Mittwoch, 10. Juni 2015

Ich schreibe meine Vergangenheit um

Alles, was wir sehen, was uns begegnet und was wir erleben, interpretieren wir. Wir interpretieren es in einer Weise, die dann bestimmte Gefühle in uns auslösen. Was wiederum darauf hinausläuft, dass wir etwa mögen, nicht mögen oder es uns schlichtweg kalt lässt. Wenn das stimmt, dann müsste es doch ein Einfaches sein, dass ich meine Vergangenheit anders sehen kann.
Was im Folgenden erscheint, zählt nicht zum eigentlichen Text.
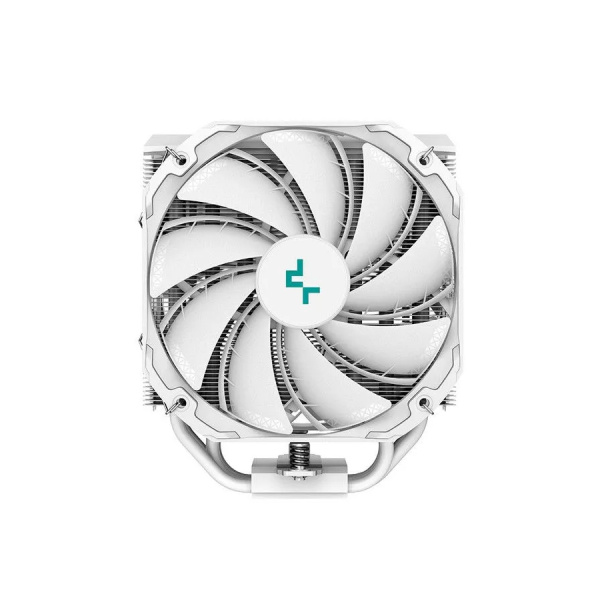 Кулер S115x/1200/1700/20XX/AM5/AM4 DEEPCOOL AS500 PLUS WH (220W/2*140mm/500-1200rpm/Al+Cu/ARGB/5 тепл. трубок)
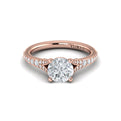 14kt Rose Gold Diamond Split Shank Engagement Ring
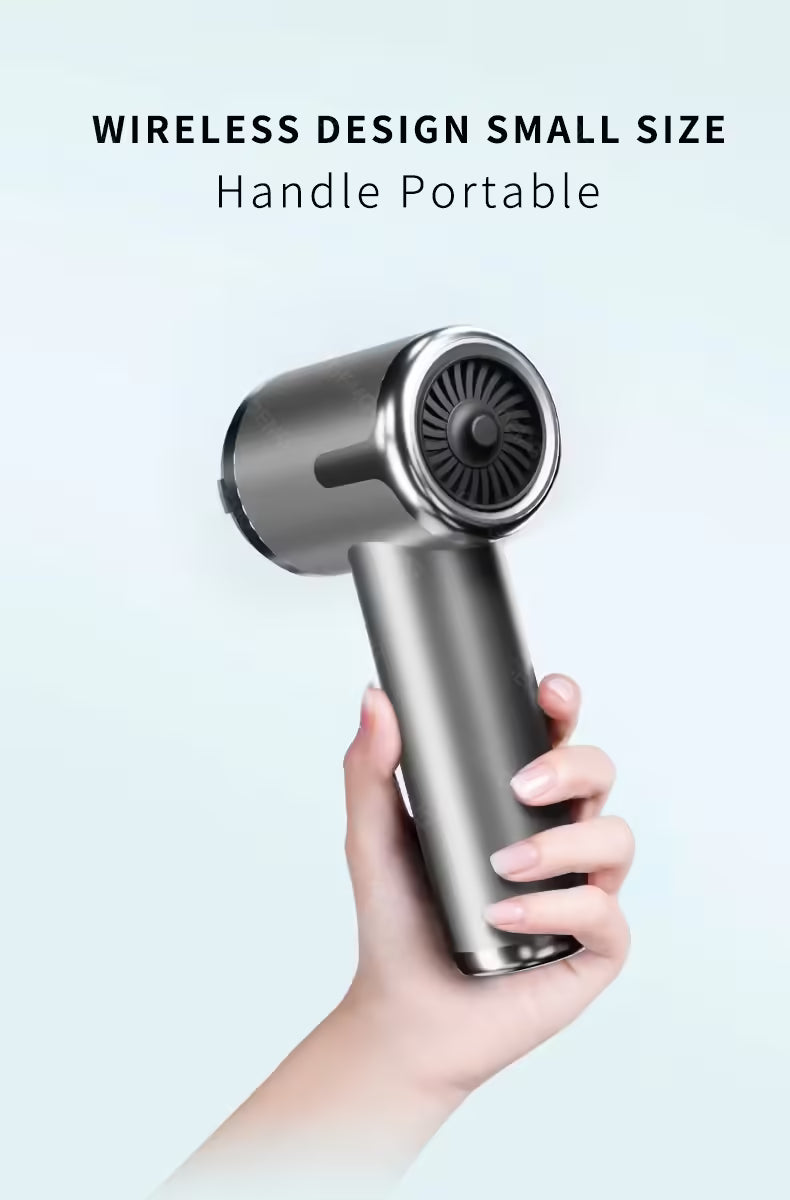 Powerful 5500PA Car Vacuum Cleaner - Wireless & Portable Home Appliance Mini Vacuum for Deep Cleaning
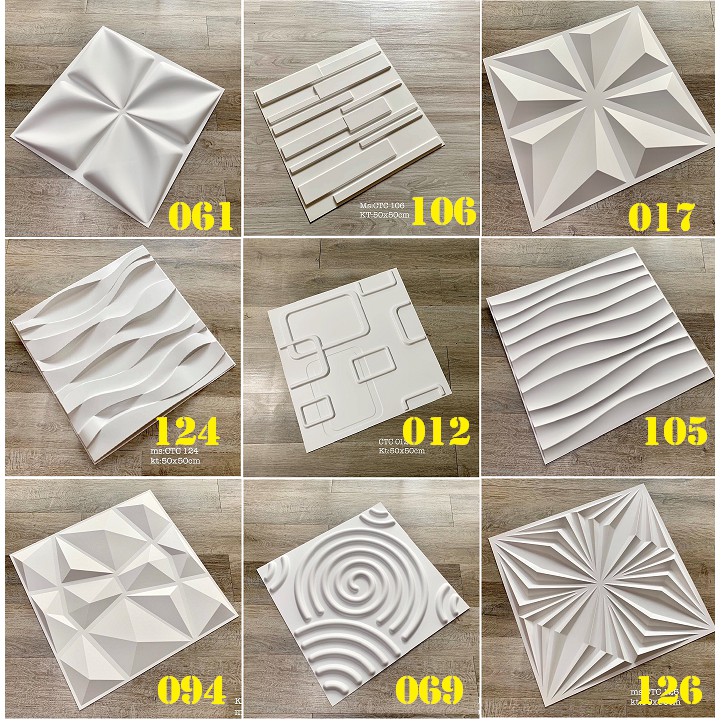 Tấm ốp tường 3D
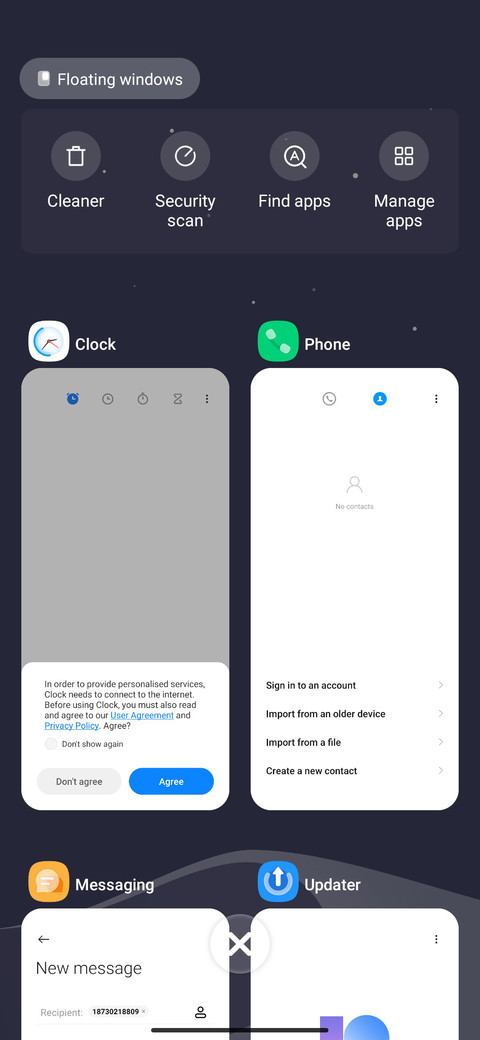 Origin os v12 screenshot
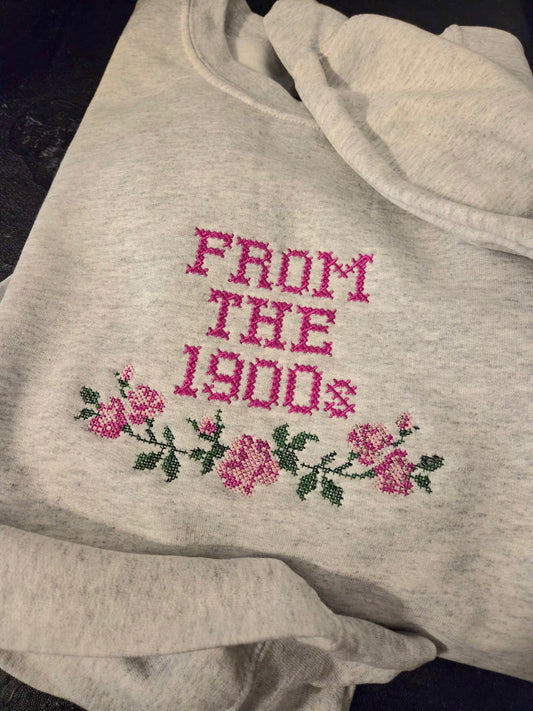 From The 1900s Embroidered Sweatshirt Fairytaleavenue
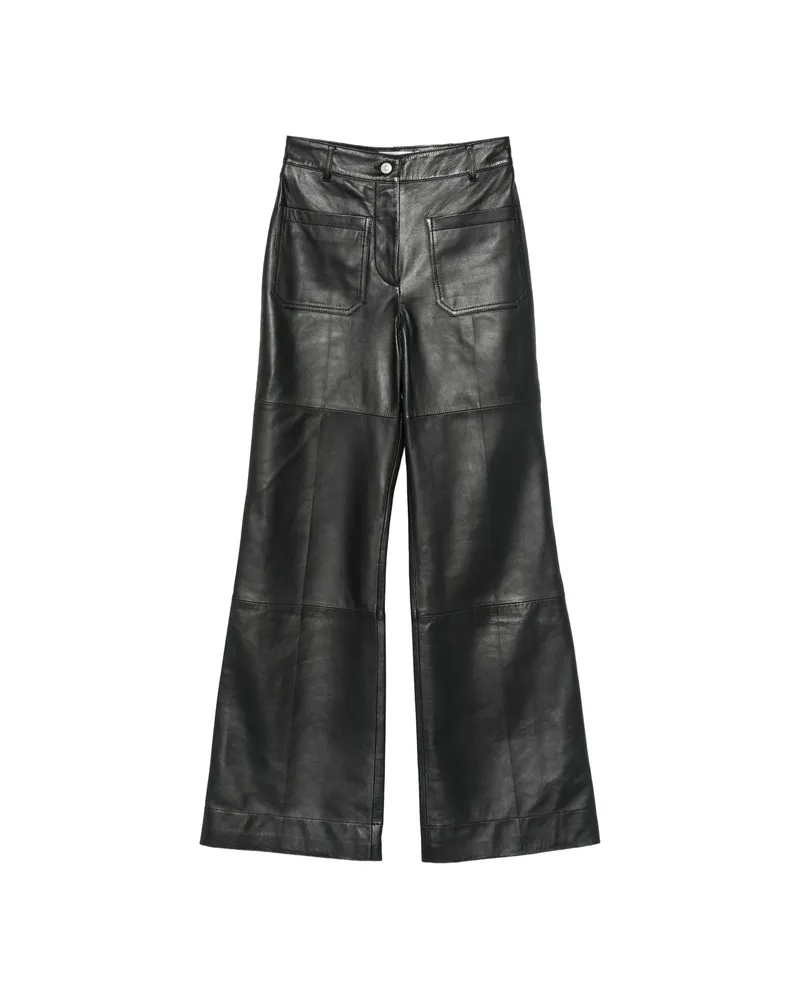 Victoria Beckham Patch-pocket Trousers Black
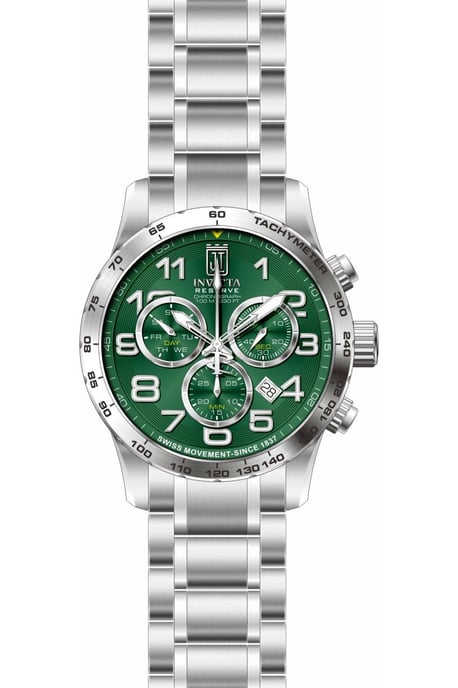 Invicta Jason Taylor 51261 Herrenuhr - Quarzwerk - Edelstahl mit grünem Zifferblatt - 48 mm - Image 1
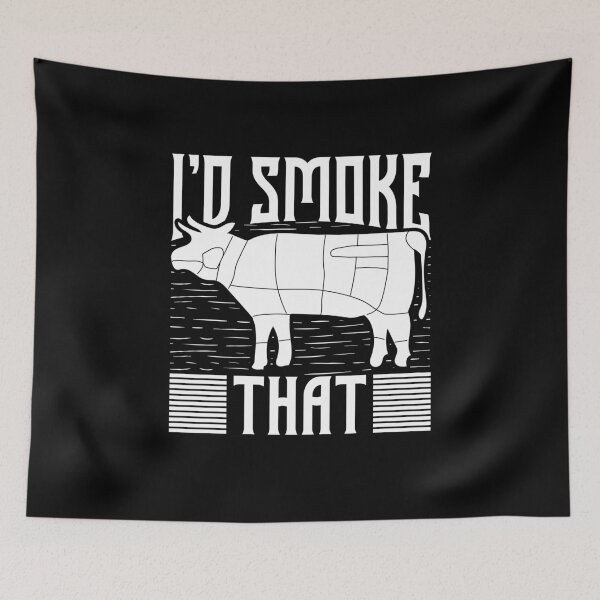 Item preview, I’d Smoke That Cow Barbecue BBQ Grilling designed and sold by bestshirtdesign.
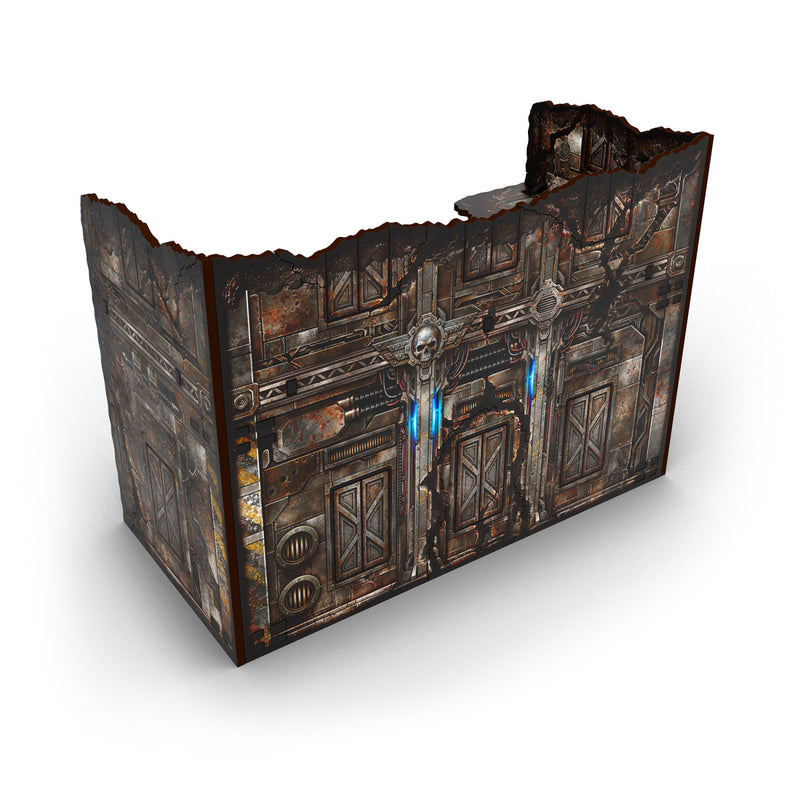 Load image into Gallery viewer, Green Stuff World Matched Play Pre - Painted Foldable U - shaped Ruin - Sci - fi - Wargaming - Cobbco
Früher dachte ich immer, dass es Eines gibt, dass man nun wirklich nicht verändern kann: Die Vergangenheit. Ich wünschte mir andere Eltern oder andere Lehrer, weil ich davon überzeugt war, dass ich dann auch ein anderer Mensch geworden wäre. Aber da ich vergangene Ereignisse nicht ändern konnte, dachte ich, dass ich auch meine Gegenwart nicht ändern konnte. Schließlich basierte meine Gegenwart doch auf meiner Vergangenheit, oder? Ich war doch ein Produkt meiner Vergangenheit und ihr somit hilflos ausgeliefert.

So war ich z.B. früher davon überzeugt, dass meine Mutter verantwortlich für mein Übergewicht war. Schließlich war es nicht meine Idee gewesen, dass ich bereits mit sieben Jahren mit den Hungerkuren anfing. Woher hatte ich sonst schon als Kind den Druck her, dass ich unbedingt schlank sein musste? Ich war viele Jahre sicher, dass meine Mutter Schuld an meinem Leiden war und darum war ich sauer auf sie. Ich glaubte, dass mich meine Mutter mich nie wirklich akzeptiert hatte und darum immer wollte, dass ich abnahm.

Als ich mehr und mehr in die Welt der Gewaltfreien Kommunikation (GfK) nach Marshall Rosenberg eintauchte, lernte ich, dass nichts in dieser Welt in Stein gemeißelt ist. Noch nicht einmal meine Vergangenheit. Dadurch dass ich mich in meine Mutter einzufühlen lernte, veränderte sich meine Vergangenheit in der folgenden Weise: Ich konnte jetzt sagen, dass ich von einer liebevollen und sehr unterstützenden Mutter großgezogen wurde, die das Pech hatte, dass ich süchtig nach Mehl- und Zuckerprodukten war. Darum bekamen wir ein Problem miteinander.

Heute sehe ich, dass meine Mutter immer versucht hatte, mich zu unterstützen. Sie wollte mir unbedingt ein erfolgreiches und erfülltes Leben ermöglichen und versuchte mir alles, was dafür nötig war, zu bieten. Für sie war das Schlank sein eines der Dinge, die wichtig für ein glückliches Leben waren. (Ballet, Kunst- und Kulturkenntnisse und Klavierspielen gehörten für sie auch dazu.)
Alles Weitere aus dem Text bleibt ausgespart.